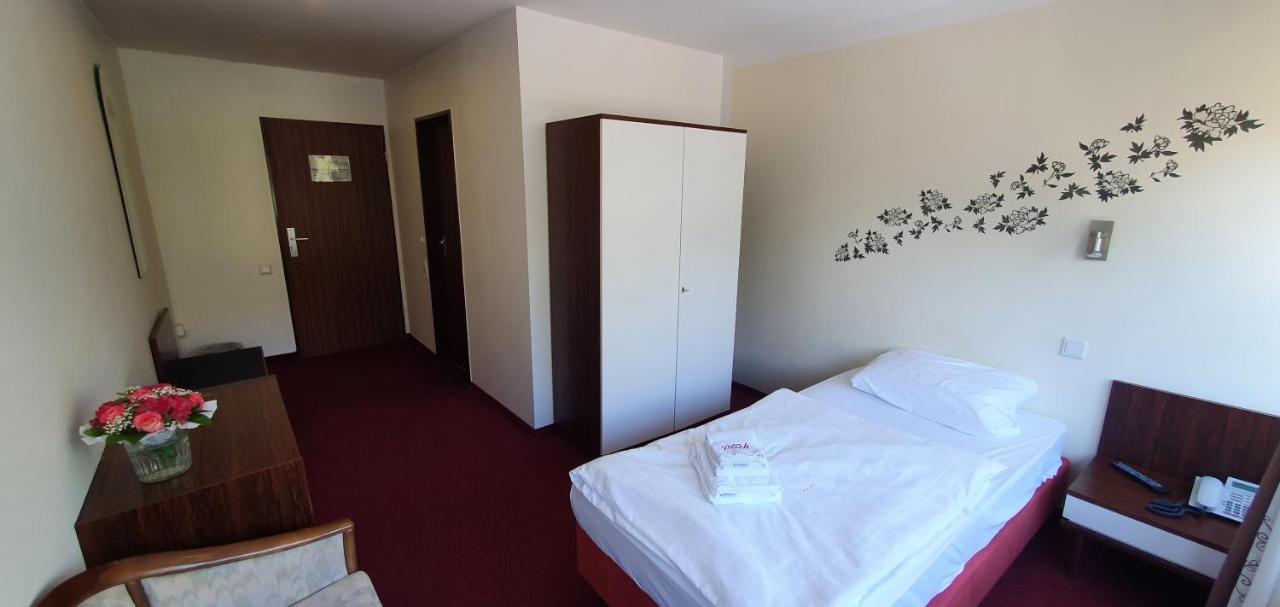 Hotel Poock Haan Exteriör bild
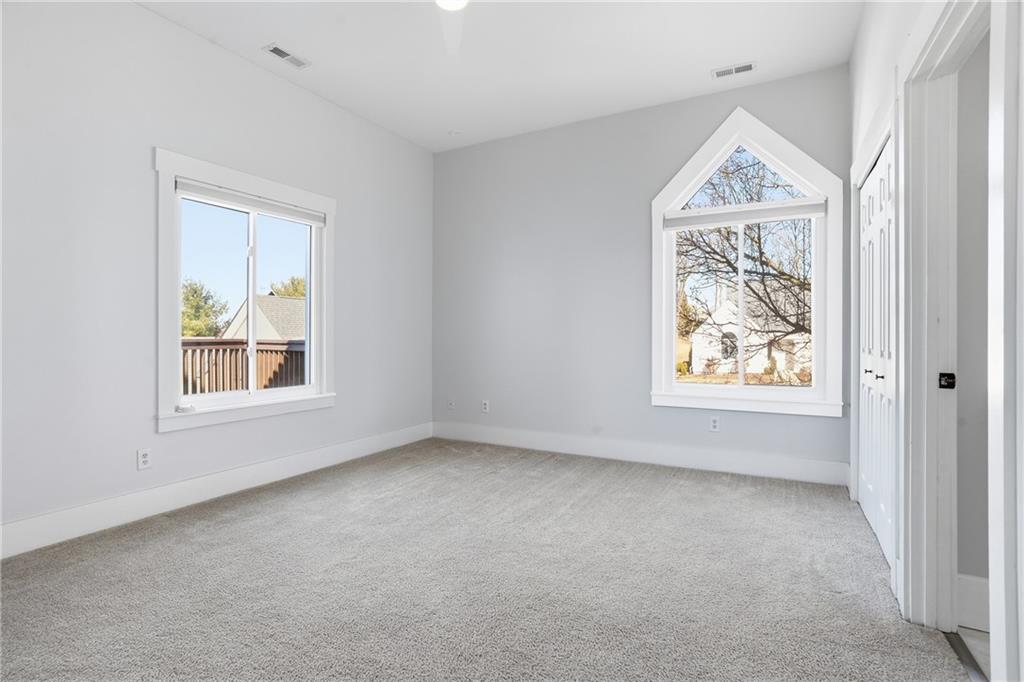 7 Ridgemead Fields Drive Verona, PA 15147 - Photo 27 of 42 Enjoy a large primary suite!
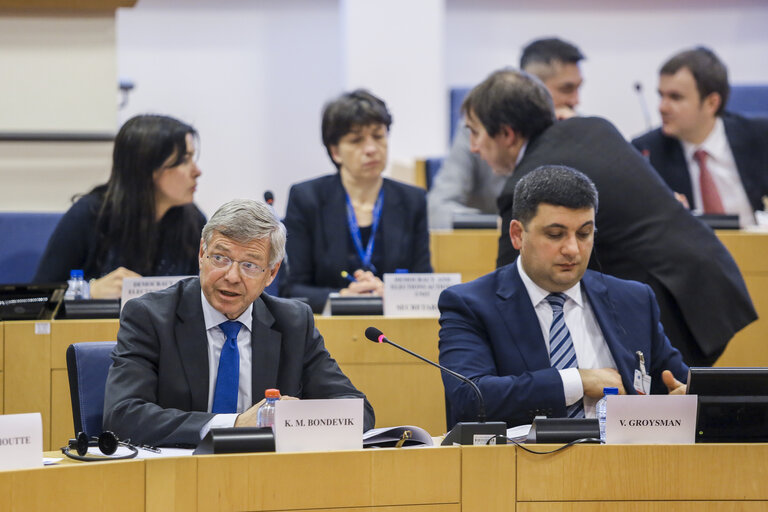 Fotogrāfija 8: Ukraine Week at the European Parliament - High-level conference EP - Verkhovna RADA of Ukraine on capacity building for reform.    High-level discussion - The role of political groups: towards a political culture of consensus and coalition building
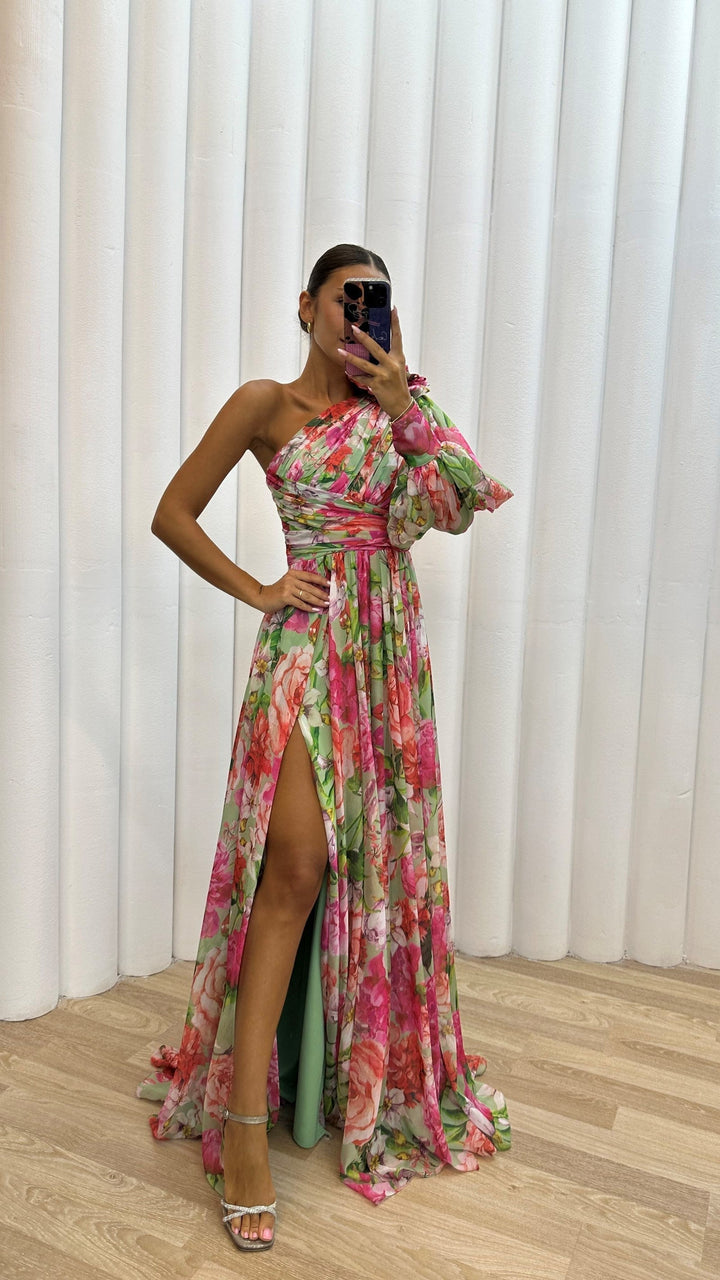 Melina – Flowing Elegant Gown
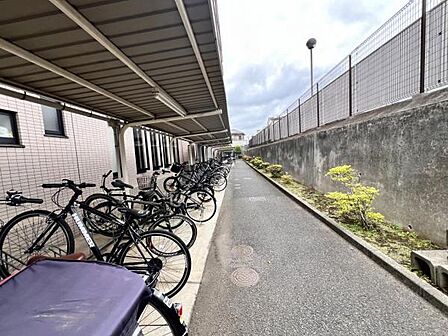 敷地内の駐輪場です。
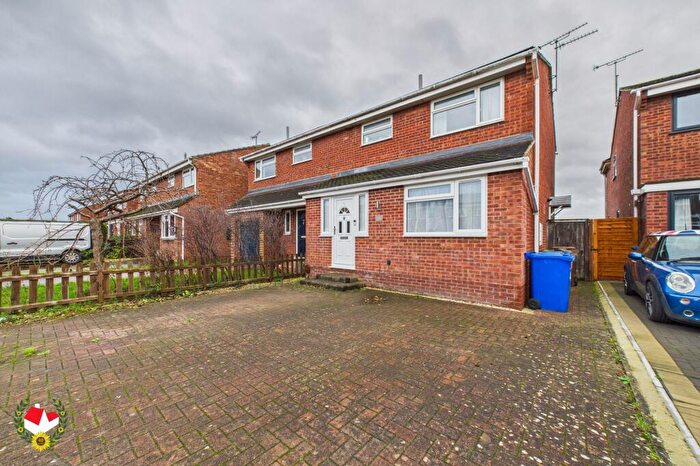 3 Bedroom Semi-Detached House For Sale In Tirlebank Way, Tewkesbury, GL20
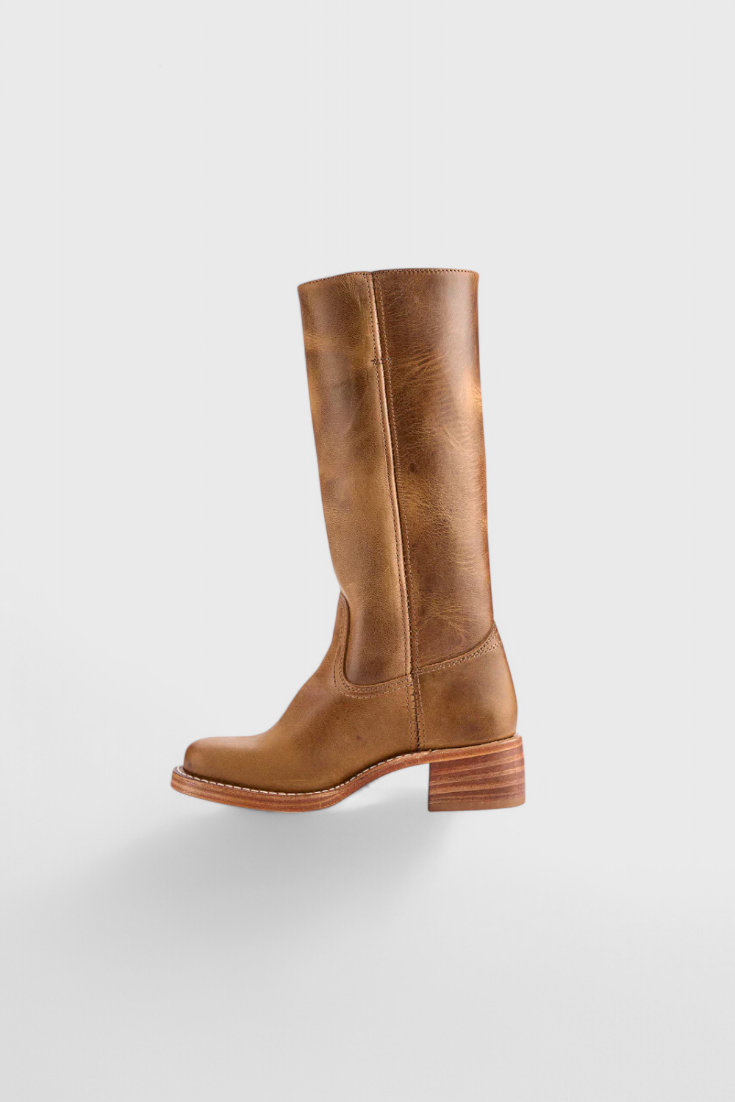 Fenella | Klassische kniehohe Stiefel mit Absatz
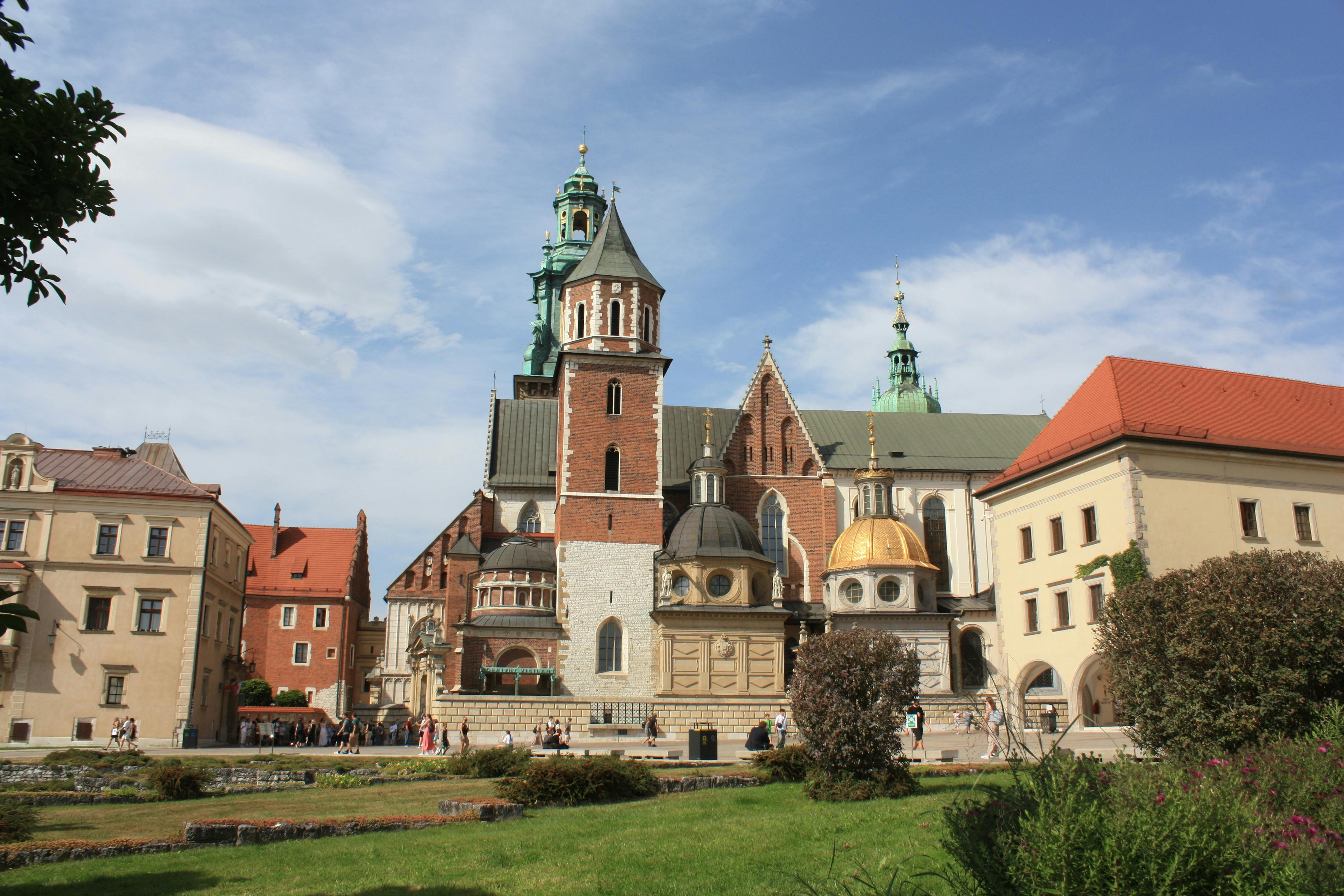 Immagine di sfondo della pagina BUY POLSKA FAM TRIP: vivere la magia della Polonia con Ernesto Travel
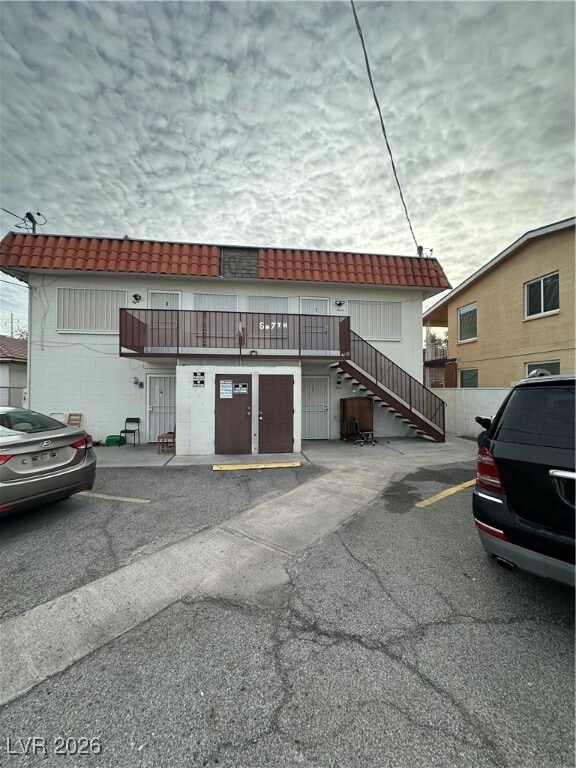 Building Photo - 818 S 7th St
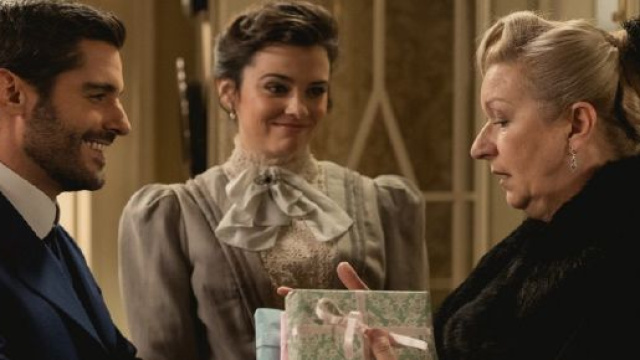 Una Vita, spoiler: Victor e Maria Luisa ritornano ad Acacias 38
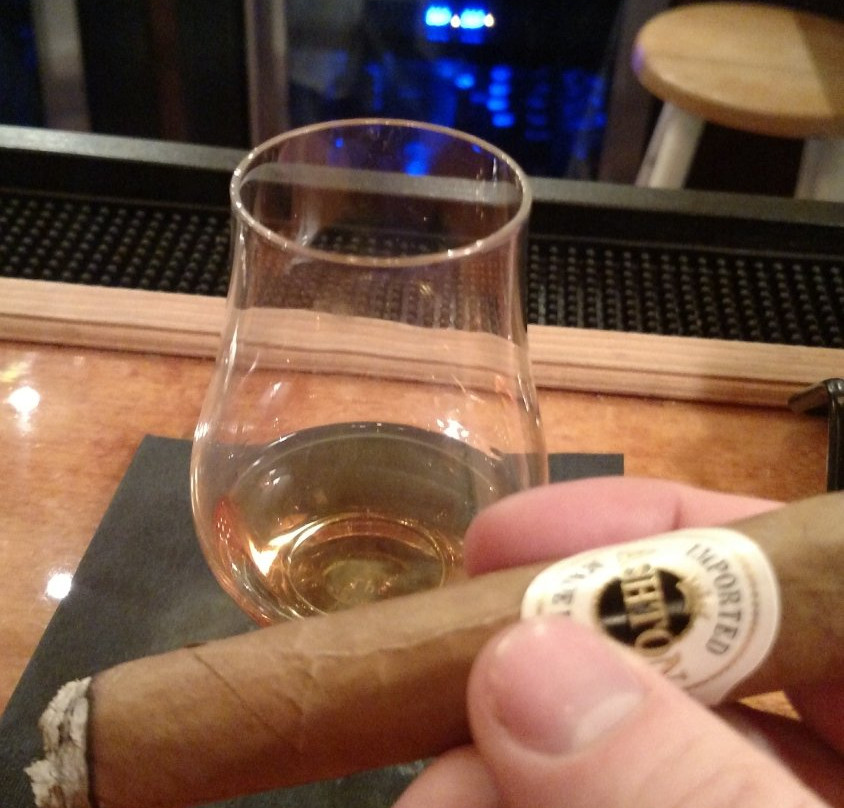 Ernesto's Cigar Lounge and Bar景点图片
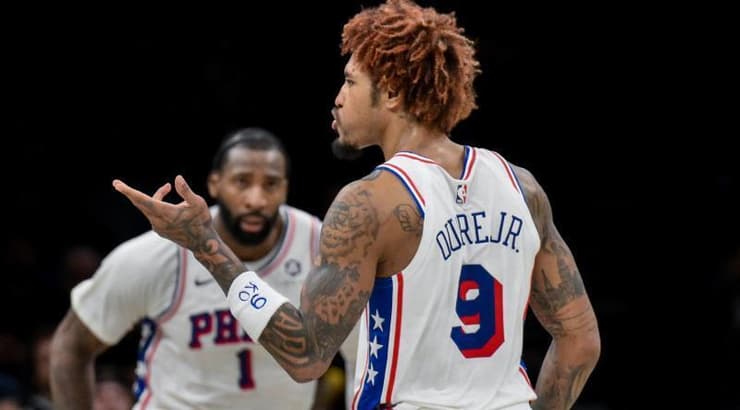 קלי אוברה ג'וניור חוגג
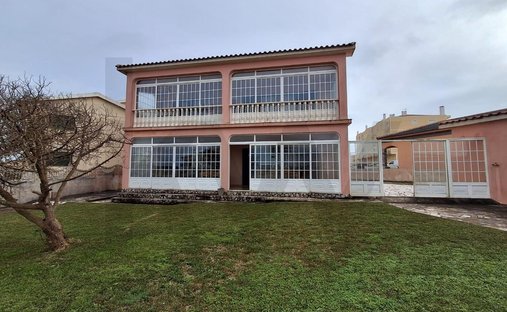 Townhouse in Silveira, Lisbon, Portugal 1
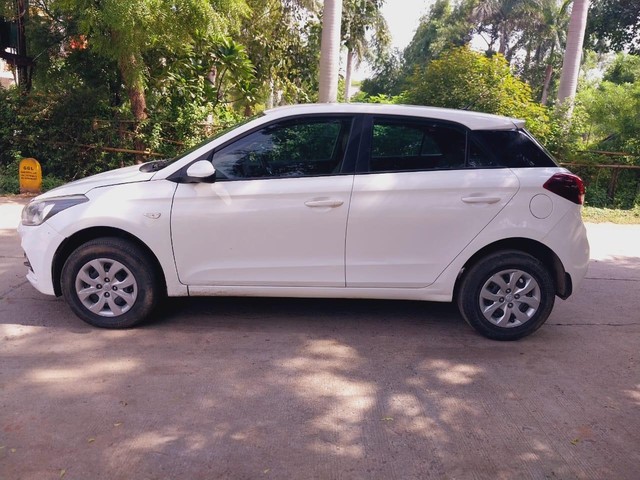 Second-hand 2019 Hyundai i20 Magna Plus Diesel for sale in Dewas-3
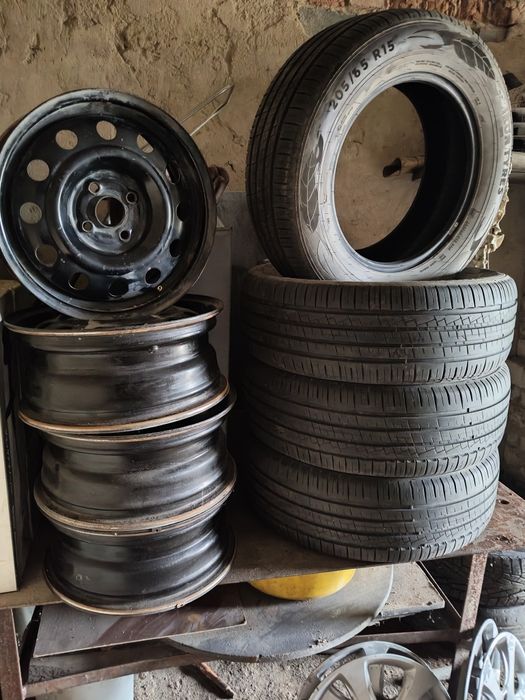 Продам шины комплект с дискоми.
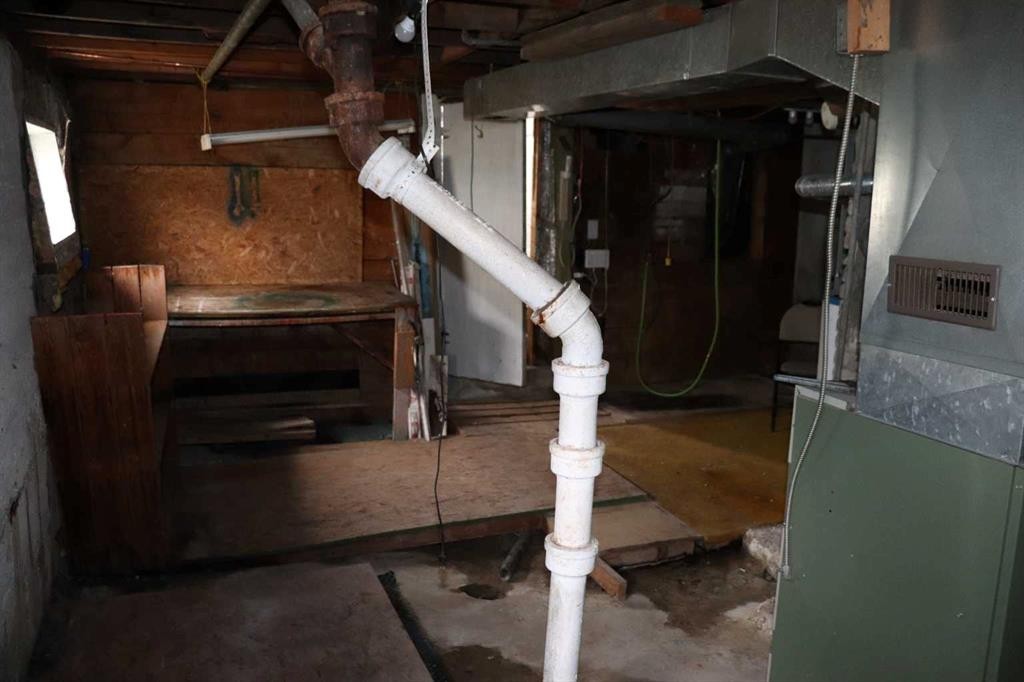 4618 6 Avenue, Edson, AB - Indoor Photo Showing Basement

TASK TO COMPLETE
Please print each entry exactly as it stands, without the pictures.

TASK ANSWER
 Hotel Poock Haan Exteriör bild
 7 Ridgemead Fields Drive Verona, PA 15147 - Photo 27 of 42 Enjoy a large primary suite!
 Fotogrāfija 8: Ukraine Week at the European Parliament - High-level conference EP - Verkhovna RADA of Ukraine on capacity building for reform.    High-level discussion - The role of political groups: towards a political culture of consensus and coalition building
 Melina – Flowing Elegant Gown
 敷地内の駐輪場です。
 3 Bedroom Semi-Detached House For Sale In Tirlebank Way, Tewkesbury, GL20
 Fenella | Klassische kniehohe Stiefel mit Absatz
 Immagine di sfondo della pagina BUY POLSKA FAM TRIP: vivere la magia della Polonia con Ernesto Travel
 Building Photo - 818 S 7th St
 Una Vita, spoiler: Victor e Maria Luisa ritornano ad Acacias 38
 Ernesto's Cigar Lounge and Bar景点图片
 קלי אוברה ג'וניור חוגג
 Townhouse in Silveira, Lisbon, Portugal 1
 Second-hand 2019 Hyundai i20 Magna Plus Diesel for sale in Dewas-3
 Продам шины комплект с дискоми.
 4618 6 Avenue, Edson, AB - Indoor Photo Showing Basement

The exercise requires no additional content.